Web page caption snippets:
════════════════
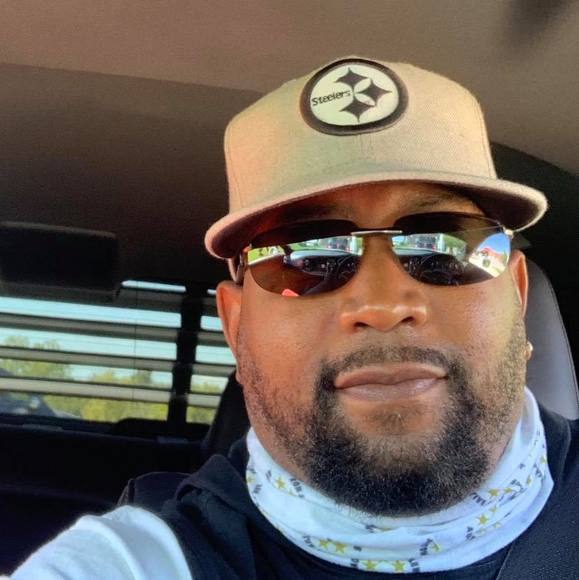 Profile Picture of John Wiley (@johnwiley) on Poshmark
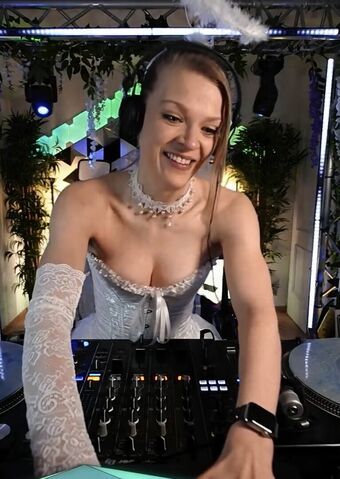 Sintica Голи Изтичания OnlyFans Снимки 69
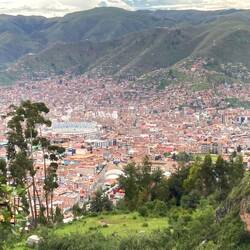 Für alle Fußballfans: Blick aufs Cuscoer Fußballstadion, für alle Anderen Cusco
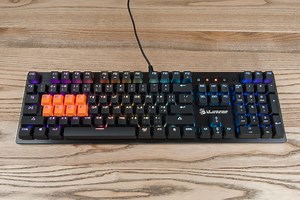 Обзор игровой механической клавиатуры Bloody B820R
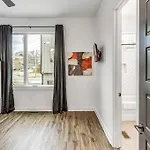 Holiday home Cozy House - Great Rooftop - Walks To Bars *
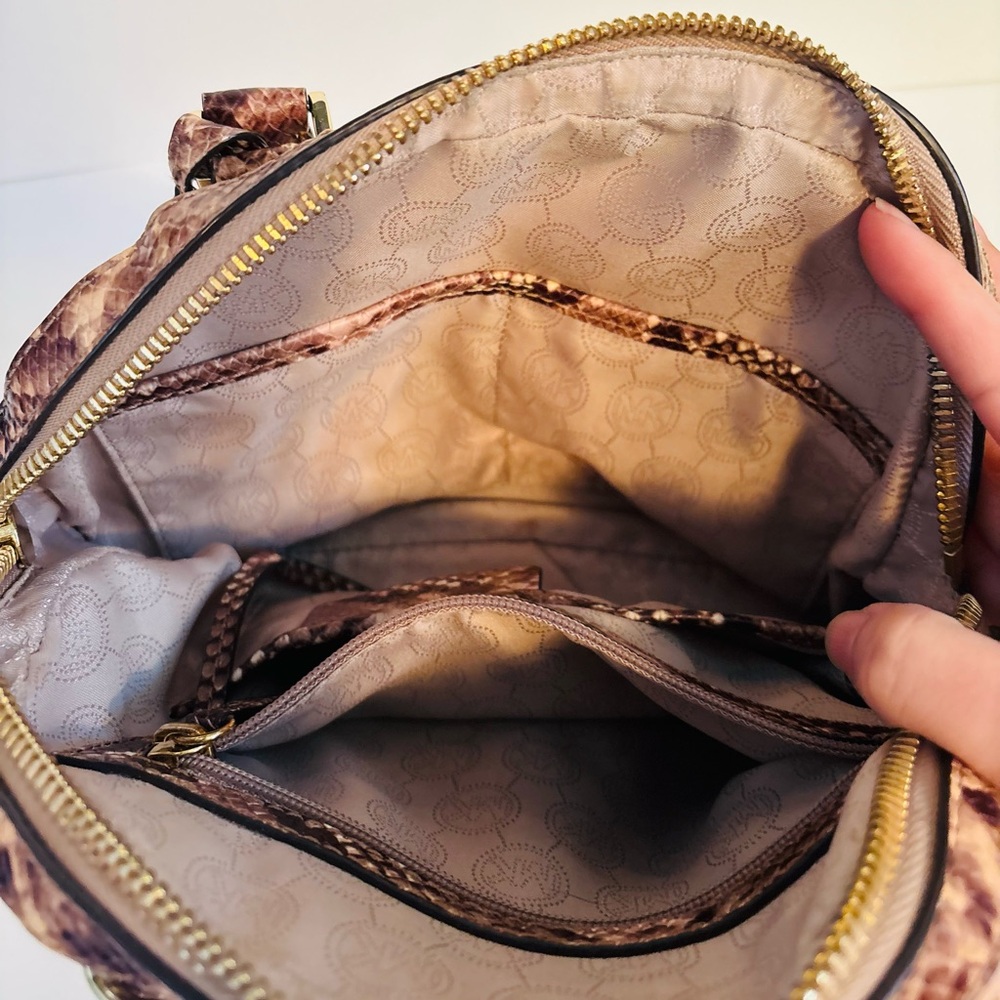 Michael Kors Smythe Blush Pink Beige Snake Leather Satchel - Picture 12 of 12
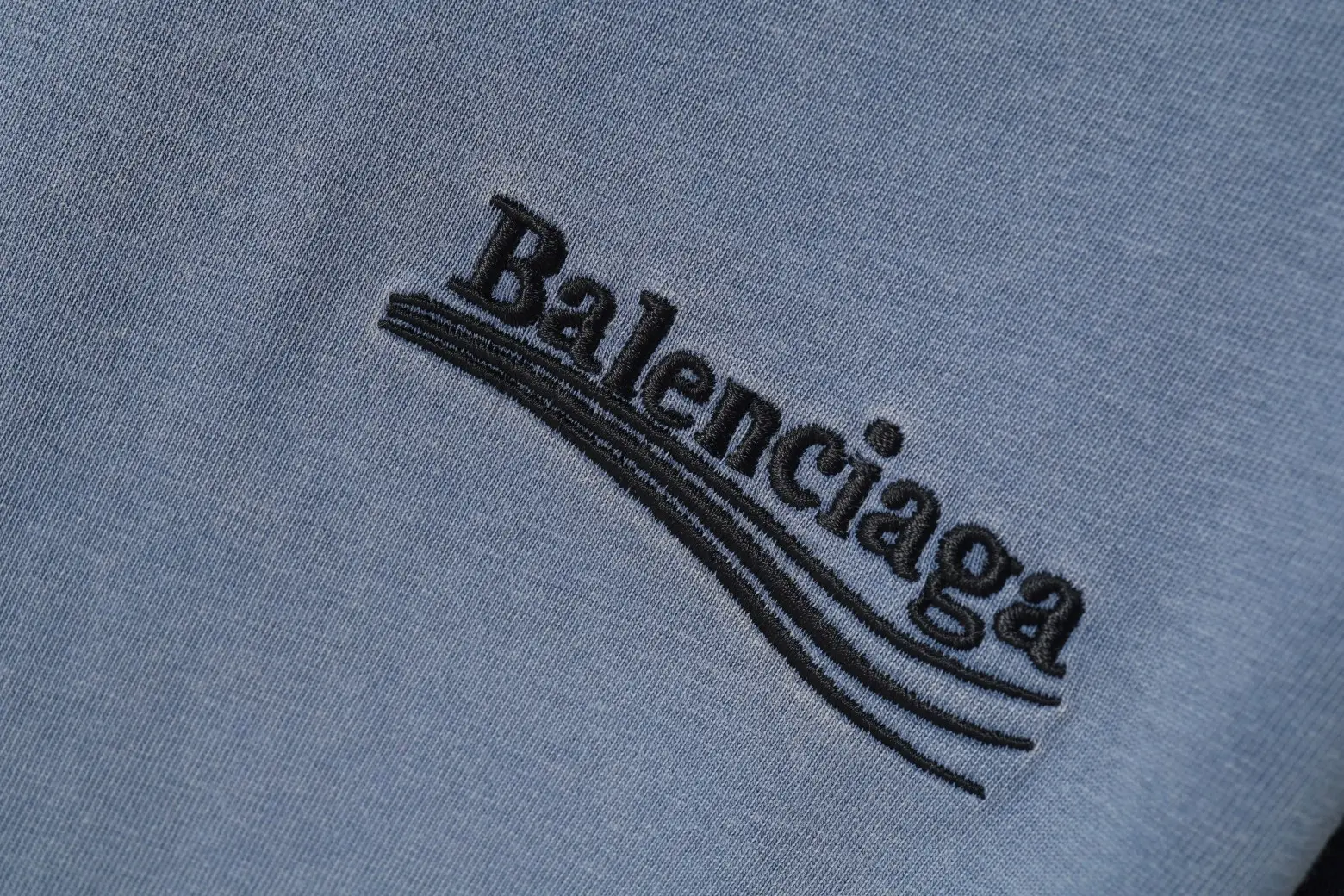Political Campaign Logo Distressed T-Shirt D18920115 — view 94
════════════════
__Work item__:
From the line holding "Holiday home Cozy" down to the final line of the entries above, print every line exactly. Pictures do not go in.

__Written solution__:
 Holiday home Cozy House - Great Rooftop - Walks To Bars *
 Michael Kors Smythe Blush Pink Beige Snake Leather Satchel - Picture 12 of 12
Political Campaign Logo Distressed T-Shirt D18920115 — view 94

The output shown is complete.